I didn’t get off to a good start – the traffic was bad so I knew time was going to be tight. I parked the car then half ran, half walked (in that out-of-condition way middle aged men with desk-bound jobs do), arriving at the surgery a couple of minutes late, hot and a little out of breath.

Luckily, the dentist was running late, so I had chance to compose myself a bit.

Into the surgery and I tell myself to be calm, but as soon as the chair starts to tilt back I feel myself tensing up – I’m rigid, my hands (palms sweaty) are clamped across my stomach and no amount of small talk is going to relax me.

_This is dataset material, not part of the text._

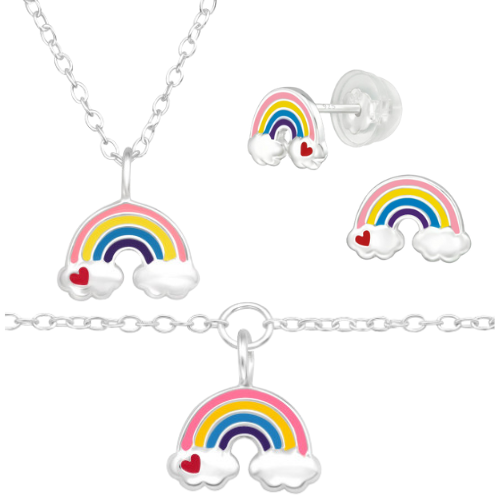 Zilveren sieradenset regenboog met hartje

The dentist seemed to take an age having a look around and my jaw ached, locked open, it felt, for an eternity.

Then the ordeal was over, the chair tilted forward and I made a quick escape – see you in six months . . .

I’m not ashamed of my dentist phobia, I think it’s relatively common, however I am more than a little embarrassed that just a couple of hours before my trauma, in a dental surgery not too many miles down the road, my teenage son sauntered in, had two teeth extracted as part of programme of orthodontic work, then wandered out and spent the evening as though nothing had happened.

What a wimp, Dad.

-- According to an Oxfam report published this week, the richest 85 people in the world own the same wealth as the bottom half of the world’s population. Ironically, on the same day that I read this, I heard a successful, philanthropic businessman quote a proverb about wealth along the lines of: ‘If your well is full, stop trying to fill it’.

How much money does one individual need?